Research design refers to the overall strategy that you choose in order to integrate the different
components of the study in a coherent and logical way, thereby ensuring you will effectively address
the research problem. Furthermore, a research design constitutes the blueprint for the selection,
measurement and analysis of data. The research problem determines the research design you
should use.
Quantitative methods emphasize objective measurements and the statistical, mathematical, or
numerical analysis of data collected through polls, questionnaires, and surveys, or by manipulating
pre-existing statistical data using computational techniques.
Quantitative research designs are generally classified experimental and non-experimental as the
following matrix shows:

Experimental research design allows the researcher to control the situation. In so doing. it allows
the researcher lo answer the question, "What causes something to occur?" This kind of research also
allows the researcher to identify cause and effect relationships between variables and lo distinguish
placebo effects from treatment effects. Further, this research design supports the ability to limit
alternative explanations and to infer direct causal relationships in the study; the approach provides
the highest level of evidence for single studies.
Pre-experimental types of research apply to experimental designs with the least internal validity.
One type of pre-experiment, the single group, pre-test-post-test design. measures the group two
times, before and after the intervention.
Instead of comparing the pretest with the posttest within one group, the posttest of the treated
groups is compared with that of an untreated group.
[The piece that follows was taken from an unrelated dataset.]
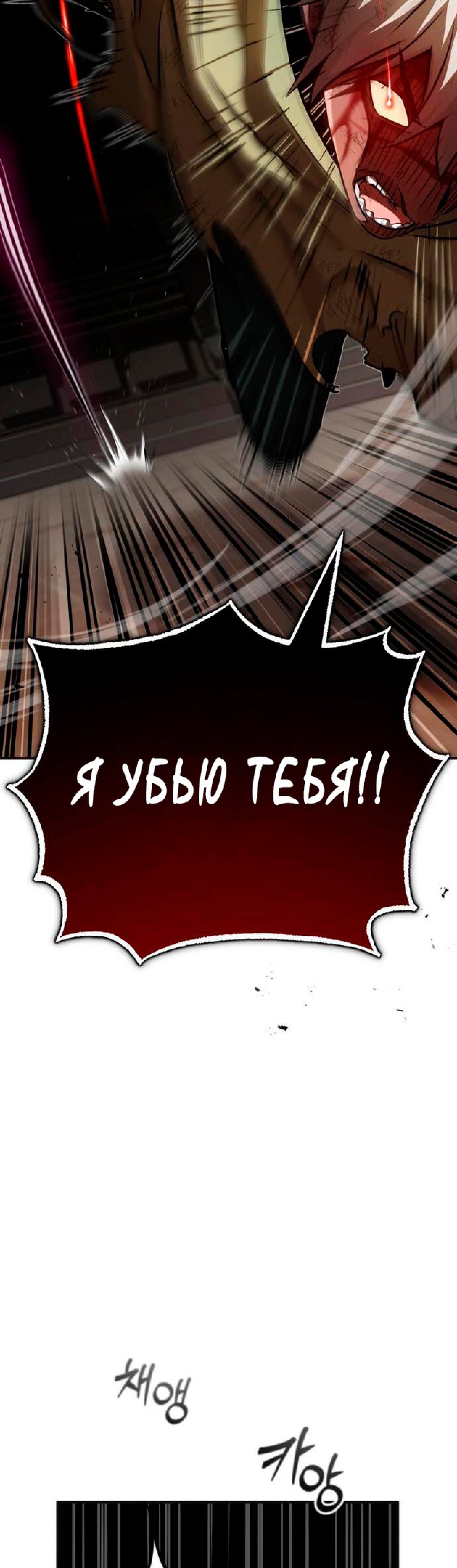 Манга Варлок, переродившийся спустя 66 666 лет - Глава 81 Страница 35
Measuring the effect as the difference between
groups marks this as between-subjects design. Assuming both groups experienced the same time-
related influences, the comparison group feature should protect this design from the rival
explanations that threaten the within-subject design.
Two classes of experimental designs can provide better internal validity than-pre-experimental
designs: quasi-experimental and true experimental (Dooly, 1999).
In a quasi-experimental design, the researcher can collect more data, either by scheduling more
observations or finding more existing measures.
A true experimental design controls for both time-related and group-related threats. Two features
mark true experiments- two or more differently treated groups and random assignment to these
groups. These features require that the researchers have control over the experimental treatment and
the power to place subjects in groups.
True experimental design employs both treated and control groups to deal with time-related rival
explanations.
A control group reflects changes other than those due to the treatment that occur during the time
of the study. Such changes include effects of outside events, maturation by the subjects, changes in
measures and impact of any pre-tests.
True experimental design offers the highest internal validity of all the designs. Quasi-experimental
design differs from true experimental design by the absence of random assignment of subjects to
different conditions. What quasi-experiments have in common with true experiments is that some
subjects receive an intervention and provide data likely to reflect its impact.
Types of Quasi-Experimental Design
1. Non-equivalent control group design-refers to the chance failure of random assignment to
equalize the conditions by converting a true experiment into this kind of design, for purposes of
analysis.
2. Interrupted Time Series Design- employs multiple measures before and after the experimental
intervention. It differs from the single-group pre-experiment that has only one pretest and one
posttest. Users of this design assume that the time threats such as history or maturation appear as
regular changes in the measures prior to the intervention.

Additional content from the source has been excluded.